Suggested Team Projects for CS 5600
NOTE:
The Wiki page for the team projects has now been set up.
Please go to the Wiki page for further information.
The preferred team size is three students. Exceptions can be
made with proper justification. Please consider me as an informal
fourth member of each team.
We will expect 5-minute oral summaries of the progress by each team, during
each week, in class. There will also be a full oral presentation,
and a full written documentation of the results, at the end of the semester.
Many of these projects are highly ambitious, and it is not necessarily
expected that each project will be completed within the semester.

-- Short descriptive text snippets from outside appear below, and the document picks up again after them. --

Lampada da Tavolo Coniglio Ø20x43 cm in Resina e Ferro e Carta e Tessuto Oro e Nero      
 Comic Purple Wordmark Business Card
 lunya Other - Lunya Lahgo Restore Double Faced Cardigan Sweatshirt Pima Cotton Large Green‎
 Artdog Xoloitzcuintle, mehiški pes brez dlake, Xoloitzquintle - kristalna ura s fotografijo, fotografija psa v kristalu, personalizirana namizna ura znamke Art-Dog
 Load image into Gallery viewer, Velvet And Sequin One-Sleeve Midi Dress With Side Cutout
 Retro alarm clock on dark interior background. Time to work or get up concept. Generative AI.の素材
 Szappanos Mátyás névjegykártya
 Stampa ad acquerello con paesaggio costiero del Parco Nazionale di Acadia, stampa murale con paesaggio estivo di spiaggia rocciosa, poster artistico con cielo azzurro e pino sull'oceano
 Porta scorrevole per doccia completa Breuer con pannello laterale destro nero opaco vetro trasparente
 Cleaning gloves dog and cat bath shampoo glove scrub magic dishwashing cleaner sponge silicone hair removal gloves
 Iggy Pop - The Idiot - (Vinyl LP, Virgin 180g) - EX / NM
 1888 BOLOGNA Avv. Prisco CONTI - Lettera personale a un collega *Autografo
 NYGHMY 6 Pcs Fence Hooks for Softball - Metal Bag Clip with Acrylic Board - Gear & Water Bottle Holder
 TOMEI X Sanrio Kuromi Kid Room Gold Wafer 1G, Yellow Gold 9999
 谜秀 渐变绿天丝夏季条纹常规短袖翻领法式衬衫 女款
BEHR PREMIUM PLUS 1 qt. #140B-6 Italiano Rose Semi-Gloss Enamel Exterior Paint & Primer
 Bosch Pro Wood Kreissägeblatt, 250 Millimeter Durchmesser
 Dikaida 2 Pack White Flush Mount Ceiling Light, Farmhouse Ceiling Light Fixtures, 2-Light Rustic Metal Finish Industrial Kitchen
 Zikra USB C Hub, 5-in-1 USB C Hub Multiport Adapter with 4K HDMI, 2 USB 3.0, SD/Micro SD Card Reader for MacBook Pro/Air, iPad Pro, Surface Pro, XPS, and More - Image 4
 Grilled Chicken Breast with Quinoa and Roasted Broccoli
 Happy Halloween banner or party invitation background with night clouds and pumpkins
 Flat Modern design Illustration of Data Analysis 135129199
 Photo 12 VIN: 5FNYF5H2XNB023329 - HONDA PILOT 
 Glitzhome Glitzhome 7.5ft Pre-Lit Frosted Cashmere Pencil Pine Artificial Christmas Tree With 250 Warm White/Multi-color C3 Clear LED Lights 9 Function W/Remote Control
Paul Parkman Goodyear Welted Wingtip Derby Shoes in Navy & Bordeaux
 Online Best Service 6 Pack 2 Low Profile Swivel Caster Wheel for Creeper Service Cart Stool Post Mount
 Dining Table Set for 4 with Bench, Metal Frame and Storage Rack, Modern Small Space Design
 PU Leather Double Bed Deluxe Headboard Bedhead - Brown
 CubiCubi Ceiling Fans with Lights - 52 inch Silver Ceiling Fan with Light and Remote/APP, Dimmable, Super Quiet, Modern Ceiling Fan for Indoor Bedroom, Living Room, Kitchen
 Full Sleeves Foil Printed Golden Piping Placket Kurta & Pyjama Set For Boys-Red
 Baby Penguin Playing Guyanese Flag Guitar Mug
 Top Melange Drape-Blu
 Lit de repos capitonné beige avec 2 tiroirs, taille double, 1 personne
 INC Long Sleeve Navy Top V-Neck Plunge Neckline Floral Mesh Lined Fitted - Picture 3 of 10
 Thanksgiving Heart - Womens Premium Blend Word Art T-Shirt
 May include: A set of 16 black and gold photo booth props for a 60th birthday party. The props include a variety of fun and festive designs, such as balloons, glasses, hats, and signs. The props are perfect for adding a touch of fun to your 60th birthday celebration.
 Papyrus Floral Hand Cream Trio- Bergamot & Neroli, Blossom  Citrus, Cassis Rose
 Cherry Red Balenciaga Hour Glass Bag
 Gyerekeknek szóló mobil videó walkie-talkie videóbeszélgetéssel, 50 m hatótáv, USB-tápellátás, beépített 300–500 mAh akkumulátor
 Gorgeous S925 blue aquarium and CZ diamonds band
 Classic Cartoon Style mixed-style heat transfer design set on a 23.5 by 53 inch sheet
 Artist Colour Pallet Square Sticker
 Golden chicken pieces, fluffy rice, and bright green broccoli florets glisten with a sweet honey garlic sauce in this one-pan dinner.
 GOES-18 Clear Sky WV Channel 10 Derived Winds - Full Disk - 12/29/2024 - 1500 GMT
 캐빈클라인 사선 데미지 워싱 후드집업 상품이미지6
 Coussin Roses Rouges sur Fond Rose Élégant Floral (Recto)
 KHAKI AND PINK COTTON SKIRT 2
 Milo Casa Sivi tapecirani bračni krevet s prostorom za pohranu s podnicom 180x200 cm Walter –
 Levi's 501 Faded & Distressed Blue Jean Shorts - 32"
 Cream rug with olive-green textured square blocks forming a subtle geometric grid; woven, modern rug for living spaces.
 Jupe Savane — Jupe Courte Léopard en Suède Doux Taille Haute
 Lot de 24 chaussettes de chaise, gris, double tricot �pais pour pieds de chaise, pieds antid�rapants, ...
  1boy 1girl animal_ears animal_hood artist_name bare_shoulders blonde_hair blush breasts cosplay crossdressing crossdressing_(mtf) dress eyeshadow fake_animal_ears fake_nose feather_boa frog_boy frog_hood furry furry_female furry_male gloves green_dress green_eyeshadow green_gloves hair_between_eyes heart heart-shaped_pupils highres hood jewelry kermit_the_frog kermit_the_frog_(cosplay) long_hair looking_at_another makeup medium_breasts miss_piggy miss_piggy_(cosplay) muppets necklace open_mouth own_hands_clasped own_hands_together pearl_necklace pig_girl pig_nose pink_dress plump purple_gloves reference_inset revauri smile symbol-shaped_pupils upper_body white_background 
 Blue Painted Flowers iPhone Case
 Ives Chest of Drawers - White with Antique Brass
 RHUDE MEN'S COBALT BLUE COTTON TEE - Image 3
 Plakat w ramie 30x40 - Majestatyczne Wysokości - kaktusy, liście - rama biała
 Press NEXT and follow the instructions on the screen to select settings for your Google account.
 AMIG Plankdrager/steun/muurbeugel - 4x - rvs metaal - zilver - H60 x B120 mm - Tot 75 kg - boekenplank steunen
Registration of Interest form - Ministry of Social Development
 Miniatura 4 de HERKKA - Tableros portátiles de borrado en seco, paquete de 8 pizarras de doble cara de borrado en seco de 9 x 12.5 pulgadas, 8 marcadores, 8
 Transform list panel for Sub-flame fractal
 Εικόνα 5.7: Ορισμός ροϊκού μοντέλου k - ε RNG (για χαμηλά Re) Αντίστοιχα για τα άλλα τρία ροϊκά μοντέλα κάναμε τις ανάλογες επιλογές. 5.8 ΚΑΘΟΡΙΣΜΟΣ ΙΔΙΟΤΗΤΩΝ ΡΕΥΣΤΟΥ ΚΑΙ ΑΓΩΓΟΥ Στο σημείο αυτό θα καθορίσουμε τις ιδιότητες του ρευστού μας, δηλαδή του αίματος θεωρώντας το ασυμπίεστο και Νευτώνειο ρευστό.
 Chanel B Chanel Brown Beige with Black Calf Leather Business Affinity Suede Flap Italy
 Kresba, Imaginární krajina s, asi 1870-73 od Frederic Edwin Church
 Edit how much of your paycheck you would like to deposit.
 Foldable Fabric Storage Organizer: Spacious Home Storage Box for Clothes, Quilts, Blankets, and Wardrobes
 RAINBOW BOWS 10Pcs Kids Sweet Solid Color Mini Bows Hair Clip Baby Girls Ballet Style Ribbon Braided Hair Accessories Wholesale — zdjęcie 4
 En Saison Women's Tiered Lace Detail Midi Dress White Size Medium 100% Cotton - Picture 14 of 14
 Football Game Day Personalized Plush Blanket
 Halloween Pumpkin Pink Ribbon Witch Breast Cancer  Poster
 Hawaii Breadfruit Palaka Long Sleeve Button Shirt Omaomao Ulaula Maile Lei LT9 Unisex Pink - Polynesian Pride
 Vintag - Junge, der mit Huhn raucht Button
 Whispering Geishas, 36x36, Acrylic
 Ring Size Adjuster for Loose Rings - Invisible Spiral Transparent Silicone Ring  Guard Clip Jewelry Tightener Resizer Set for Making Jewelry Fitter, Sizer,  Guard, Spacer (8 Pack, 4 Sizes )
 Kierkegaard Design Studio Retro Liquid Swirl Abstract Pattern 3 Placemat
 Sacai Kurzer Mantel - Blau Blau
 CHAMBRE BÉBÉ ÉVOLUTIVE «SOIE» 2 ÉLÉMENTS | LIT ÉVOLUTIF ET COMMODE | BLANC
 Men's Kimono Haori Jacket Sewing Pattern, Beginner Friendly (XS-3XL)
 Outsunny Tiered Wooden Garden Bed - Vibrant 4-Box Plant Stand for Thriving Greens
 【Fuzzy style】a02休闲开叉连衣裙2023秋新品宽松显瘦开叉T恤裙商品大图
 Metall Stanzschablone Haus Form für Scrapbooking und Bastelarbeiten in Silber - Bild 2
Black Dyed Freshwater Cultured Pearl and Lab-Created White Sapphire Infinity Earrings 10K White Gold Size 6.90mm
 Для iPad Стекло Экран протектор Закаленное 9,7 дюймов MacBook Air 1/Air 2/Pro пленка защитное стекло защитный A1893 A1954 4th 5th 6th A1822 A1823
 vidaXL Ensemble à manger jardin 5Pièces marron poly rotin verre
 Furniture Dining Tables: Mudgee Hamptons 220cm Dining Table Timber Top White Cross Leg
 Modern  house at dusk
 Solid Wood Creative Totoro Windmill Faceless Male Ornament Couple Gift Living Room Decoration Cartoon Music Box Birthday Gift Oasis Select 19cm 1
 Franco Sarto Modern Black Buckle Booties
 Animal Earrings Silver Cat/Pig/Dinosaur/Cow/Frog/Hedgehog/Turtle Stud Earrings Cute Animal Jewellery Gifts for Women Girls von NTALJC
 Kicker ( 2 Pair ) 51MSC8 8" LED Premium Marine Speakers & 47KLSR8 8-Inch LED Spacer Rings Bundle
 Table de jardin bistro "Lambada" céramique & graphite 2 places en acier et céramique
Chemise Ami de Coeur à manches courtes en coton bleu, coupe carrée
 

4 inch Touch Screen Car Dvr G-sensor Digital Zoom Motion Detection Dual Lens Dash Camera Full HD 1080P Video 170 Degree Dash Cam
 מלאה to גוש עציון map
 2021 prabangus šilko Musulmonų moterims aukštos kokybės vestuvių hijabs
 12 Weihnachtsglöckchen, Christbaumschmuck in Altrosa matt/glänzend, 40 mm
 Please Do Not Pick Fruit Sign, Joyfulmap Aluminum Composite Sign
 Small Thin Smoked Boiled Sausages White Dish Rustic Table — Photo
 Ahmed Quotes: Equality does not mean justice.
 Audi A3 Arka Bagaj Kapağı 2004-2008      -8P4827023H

Instead, the oral and written presentations should concentrate
on documenting what was achieved, what was not achieved, what new
information was learned in failing to achieve the desired goals, and
what new directions would be taken in the future in order to continue
the progress. This philosophy makes the project closer to the real world
(as opposed to an academic toy project). This style of work is typical of
some industrial production code
(e.g.,
agile software development), of industrial R&D, and of
general research.
For the projects based around Mesos, see:
-
Mesos: A Platform for Fine-Grained Resource Sharing
in the Data Center
(also at USENIX NSDI 2011)
-
Notes on Mesos and Docker (from Douglas Thain,
U. of Notre Dame)
- Apache Mesos
Documentation
- 1. DMTCP attach
- The hw3 homework showed some approaches to doing a DMTCP attach.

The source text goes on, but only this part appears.